By Tony Kukulich
As Hurricane Ian churned over the warm waters of the Gulf of Mexico Tuesday afternoon, the National Weather Service (NWS) issued a tropical storm watch and a storm surge watch for the southeast coast of South Carolina and the northeast coast of Georgia.
Late Tuesday night, the tropical storm watch was upgraded to a tropical storm warning.
Beaufort County could see 4 to 8 inches of rain between Wednesday and Sunday spurred by the storm. The NWS said that life-threatening rip currents off the coast are likely along with large breaking waves measuring 5 to 8 feet tall.

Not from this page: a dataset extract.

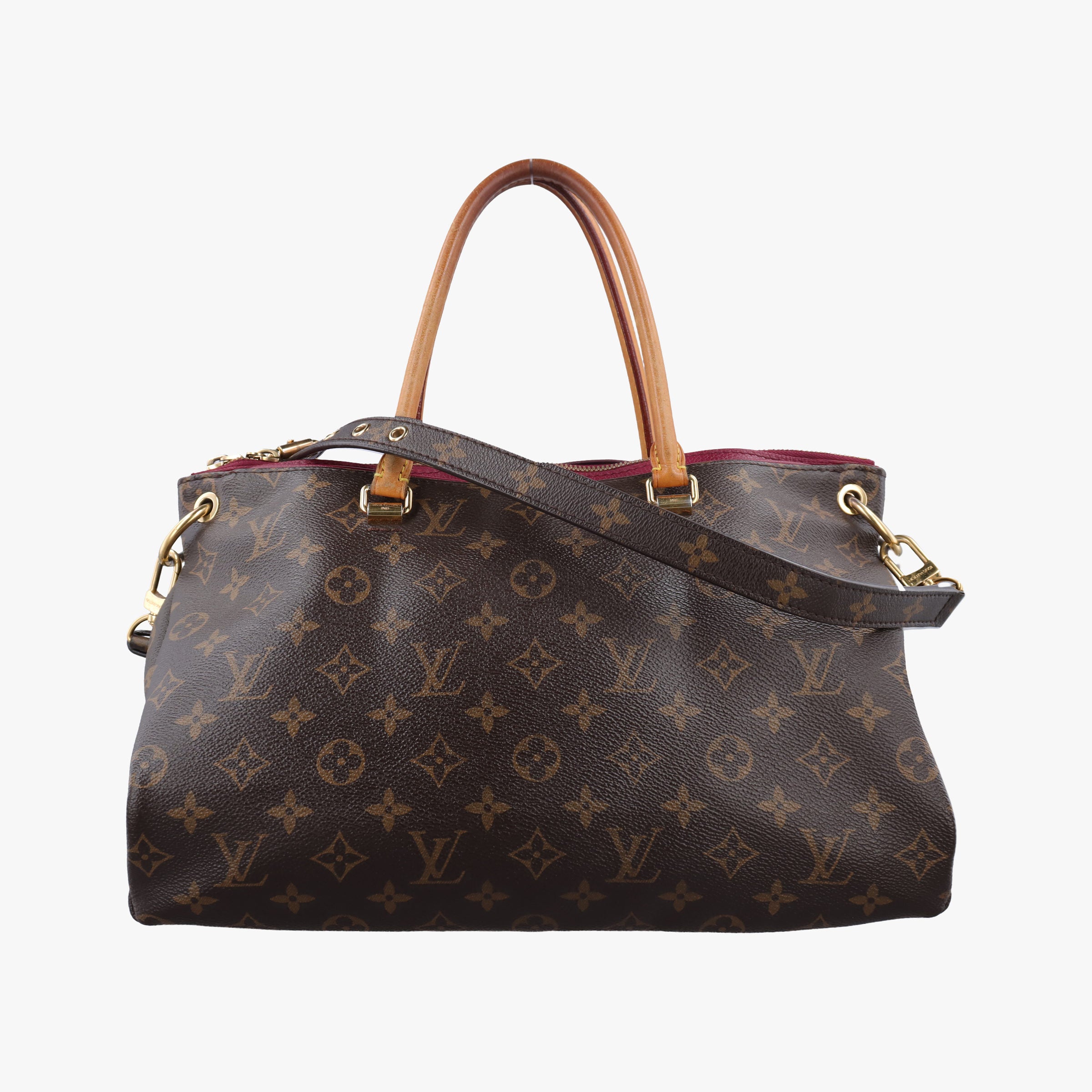 Secondhand Louis Vuitton PALLAS brown×MARRON Monogram Canvas×calf leather M50067 shoulderbag | stylenewstar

“Coastal flooding and storm surge will be another significant impact from Ian,” said Frank Strait, severe weather liaison for the South Carolina Department of Natural Resources. “The gusty northeast winds from Thursday into Friday from Ian and the strong northerly winds will cause coastal flooding around high tide on Thursday and Friday along our coast.”
According to the National Hurricane Center (NHC), a storm surge watch means there is a possibility of life-threatening inundation, from rising water moving inland from the coastline, in the indicated locations during the next 48 hours. A tropical storm watch means that tropical storm conditions are possible within the watch area.
A tropical storm warning means that tropical storm conditions – sustained winds of 39 to 73 mph – are expected within 36 hours.
Ian made landfall in Cuba Tuesday morning as a Category 3 hurricane, and strengthened overnight to a Category 4 storm on the Saffir-Simpson Hurricane Wind Scale. Maximum sustained winds have been measured at 155 mph.
A bulletin issued by the NHC at 8 a.m. Wednesday said, “Ian is forecast to make landfall on the west coast of Florida as a catastrophic hurricane. Weakening is expected after landfall.”
As of press time, the path that Ian will take after it makes landfall in Florida is still uncertain. Once it makes landfall, the storm should weaken quickly. While Ian was initially forecast to remain over land, the revised forecasts have Ian moving east, which could put the storm back out at sea before it comes ashore again.
“This eastward shift increases the chances for Ian to pass over the Atlantic for a time before making a second landfall along the Georgia or South Carolina coast,” Strait said. “As it stands now, a portion of the storm will track over water, allowing Ian to maintain strength longer. The greater the percentage of the storm spends over the Atlantic, and the more time it ends up over the Atlantic, the stronger it might get before affecting South Carolina.”
Strait predicts that Ian will bring gusty winds to South Carolina Thursday and into Thursday night. Gusts could reach 40 mph and could be higher along the coast. As Ian moves north, the potential for heavy rainfall increases. Weather conditions could also be favorable for the development of tornadoes.
“Rain will begin along the coast early Friday and spread northward through the day, and this rain from the front will be heavy at times,” Strait said. “Then, rain directly from Ian will arrive along our coast later Friday night, depending on how fast Ian moves. If bands of storms from Ian train over areas for multiple hours, rainfall would be excessive.”
The threat of bad weather has already begun to impact events scheduled for this weekend. The St. Peters’ Catholic Church Bazaar, a prominent yearly event, has been rescheduled for Oct. 8. Also, high school football games scheduled for Friday night have been moved to Wednesday or Thursday night. Check with the schools for the exact time and date.